Log prices are very low(except walnut), most mills are just trying to make it through these tuff times. A forester will want to be paid to cruise the timber, logger gets $110 a thousand, trucking depending on distance $50 to 100 a thousand and oak is bringing about $350 a thousand. The days of paying off a piece of property with a sale of timber are long gone. jmo


----------



## greg4269ub (Sep 1, 2009)

I deal with a logger on SE wi he charges me .60 per bf for oak #1 and the same for hard maple. He will also advertise on craigslist regularly offering to pay 10-40k for standing timber. I have sent several people his way to cut just several acres for them and have gotten reports back that it was to small of a job for him. Not sure if this is universal among all loggers but ur plan to log 10-15% of the 40 acres may not be big enough and would prolly be a valid question to ask the foresters you contact

Sent from my DROID X2 using Woodworking Talk

Check out my website treecyclehardwoods.com for your next lumber purchase.


----------



## Stinger4me (Nov 27, 2009)

Log prices in Michigan are coming back and there is always some demand for quality wood. Some woodlot owners *may* have FAS, selects or veneer logs on their land. A big factor in cutting is doing what the stand of timber needs to improve quality and get regeneration started. Side benefits can be habitat improvement ans aesthetics. Good Luck!


----------



## Tom5151 (Nov 21, 2008)

Thanks again guys. I truly appreciate the insight. I am begining to think that this notion may be a bit pie in the sky. I mean if it was so darn lucrative why wouldn't everyone be doing it? Right?

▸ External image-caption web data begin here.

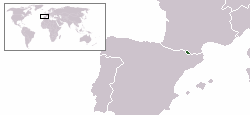 Andorra Landkarte
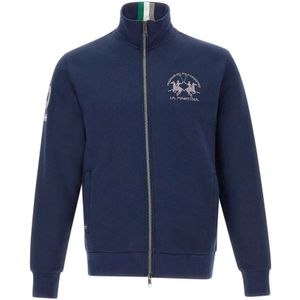 La Martina, Heren, Sweatshirts & Hoodies, Blauw, Maat: L Katoen,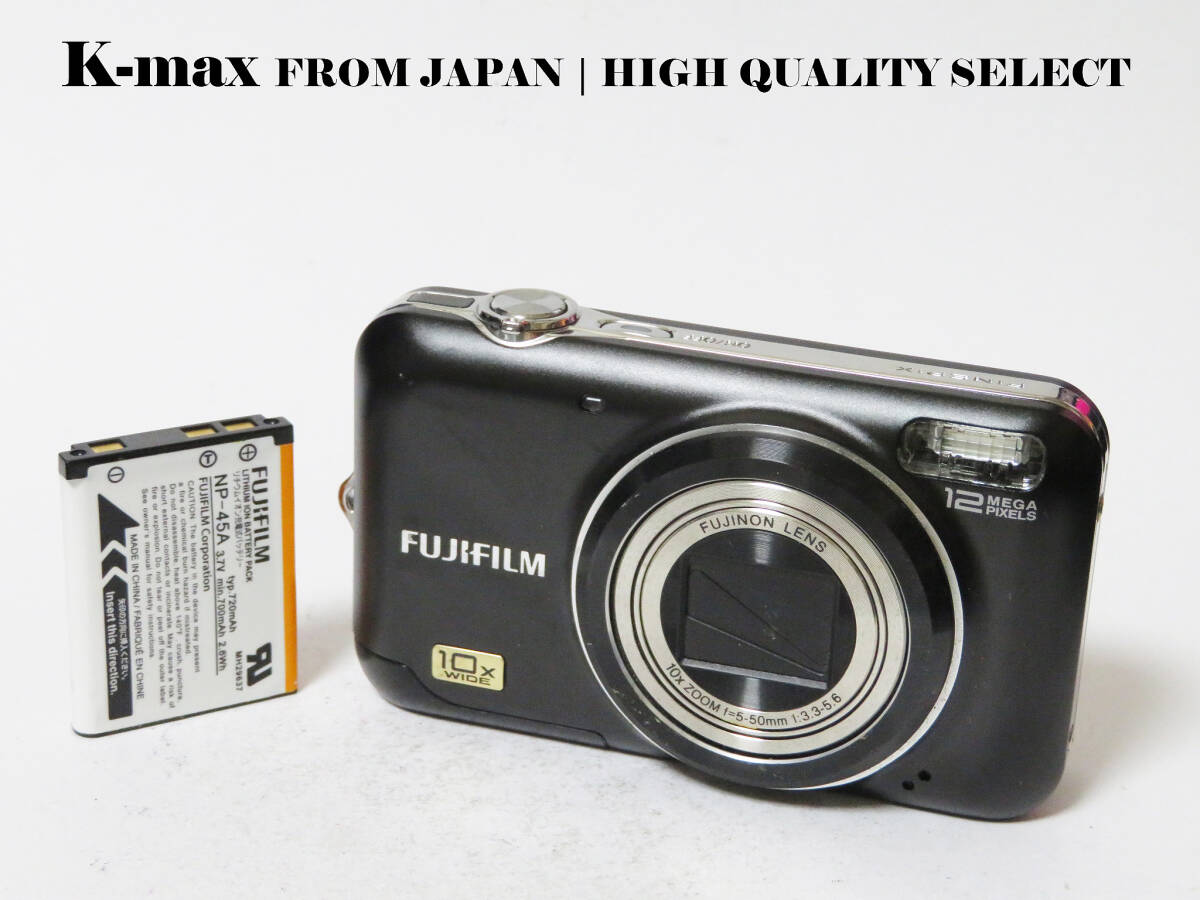 【極上美品】 Fujifilm FinePix JZ300 Black 正常動作品 [Top Mint] 12MP Compact Digital Camera #8379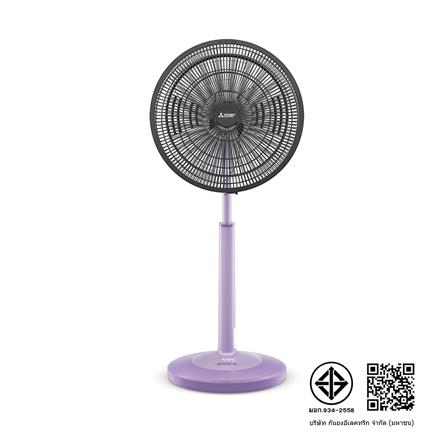 พัดลมสไลด์ 18 นิ้ว MITSUBISHI R18A-GB CM-PP สีม่วง_2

That said, I still have not heard back from any of the foresters but it's only been a day.

At any rate, the price on this property is so good, we may end up purchasing anyway and wait for the real estate market to come back a bit.....

Thanks again:thumbsup:


----------



## Stinger4me (Nov 27, 2009)

There are many people who know nothing about forestry. Some people think about harvesting and the first thing which comes to mind is a clear cut. I recall talking with a landowner who did not want to have a timber sale in his woods because it would make a mess. In his yard were several sixteen foot Sugar Maple logs which were #1 or veneer. I asked what he was going to do with them. His response was, "burn them", they are really easy to split. When you attempt to discuss forestry with someone of that mentality the challenge is overwhelming. The landowner had trees with two clear sixteen foot logs in them. He and the boys were too lazy to cut up the tops and they were too cheap to pay a forester a commission.


----------



## Tom5151 (Nov 21, 2008)

Stinger4me said:


> There are many people who know nothing about forestry. Some people think about harvesting and the first thing which comes to mind is a clear cut. I recall talking with a landowner who did not want to have a timber sale in his woods because it would make a mess. In his yard were several sixteen foot Sugar Maple logs which were #1 or veneer. I asked what he was going to do with them. His response was, "burn them", they are really easy to split. When you attempt to discuss forestry with someone of that mentality the challenge is overwhelming. The landowner had trees with two clear sixteen foot logs in them. He and the boys were too lazy to cut up the tops and they were too cheap to pay a forester a commission.


No pun intended but almost one of those "can't see the forrest for the trees" scenario.......I have quite a bit to learn....


----------



## Stinger4me (Nov 27, 2009)

Well you are absolutely right. They have a saying in Missouri, "you can't fix stupid". Here are some others, "Dumb can't be helped.", "If you are gonna be dumb, you better be tough." YOu may have things to learn but when you are talking with the forester, ask questions. The only dumb questions are those that aren't asked.


----------



## twilly (Feb 26, 2012)

Logger said:


> Log prices are very low(except walnut), most mills are just trying to make it through these tuff times. A forester will want to be paid to cruise the timber, logger gets $110 a thousand, trucking depending on distance $50 to 100 a thousand and oak is bringing about $350 a thousand. The days of paying off a piece of property with a sale of timber are long gone. jmo


Just curious where did these figures come from?


----------



## Logger (Nov 26, 2009)

$110 is what is paid in Wi. at least the mill I cut for, maybe more if steep or long skids. The trucking is going up with the price of fuel rising, some mills may truck cheaper but make up for it on log scale. $350 on oak is a average, white oak/black/red and high to low grades. The high fuel prices have killed the pulp guys in my area, southern Wi.


----------



## SteveEl (Sep 7, 2010)

Wisconsin huh? Pity, I would try to sell you my harvest-ready maple forest in northern Michigan too.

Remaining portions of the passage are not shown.